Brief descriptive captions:
+ + + +

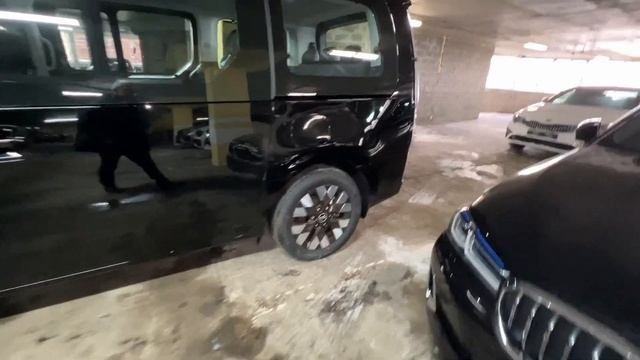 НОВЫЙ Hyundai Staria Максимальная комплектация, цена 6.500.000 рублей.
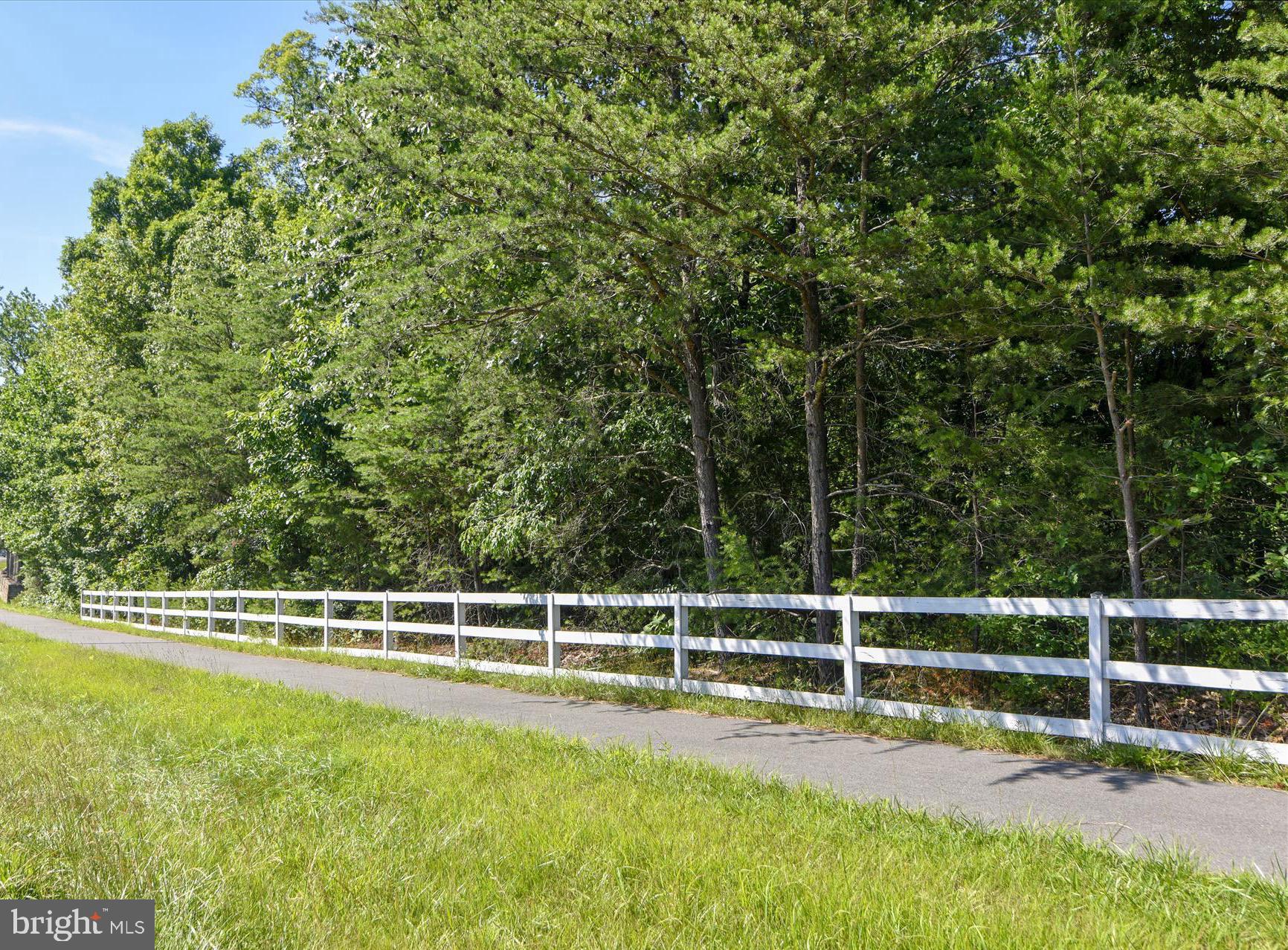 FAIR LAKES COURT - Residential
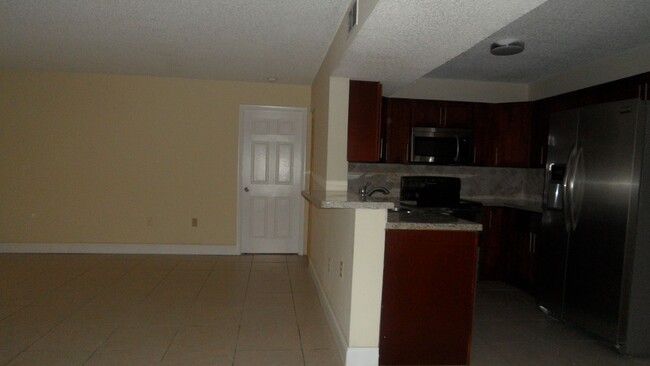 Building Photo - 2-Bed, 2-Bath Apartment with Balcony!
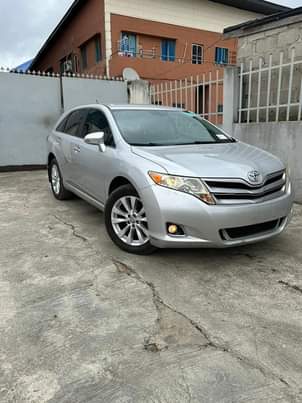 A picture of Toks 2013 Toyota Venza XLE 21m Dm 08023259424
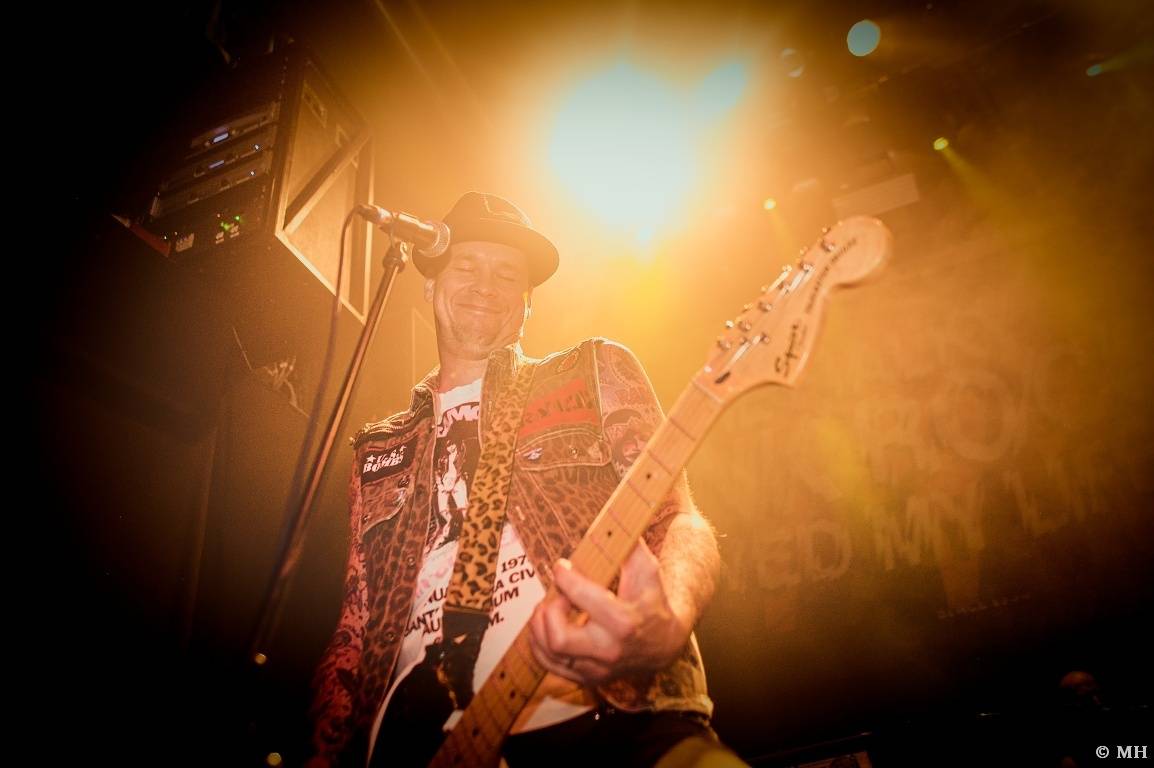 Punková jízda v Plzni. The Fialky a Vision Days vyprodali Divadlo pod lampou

+ + + +

§ Your assignment: All lines above between the line that contains "Building Photo - 2-Bed, 2-Bath" and the last line of the entries, both included, must be transcribed exactly. No pictures are to appear.

§ Solution below:
 Building Photo - 2-Bed, 2-Bath Apartment with Balcony!
 A picture of Toks 2013 Toyota Venza XLE 21m Dm 08023259424
 Punková jízda v Plzni. The Fialky a Vision Days vyprodali Divadlo pod lampou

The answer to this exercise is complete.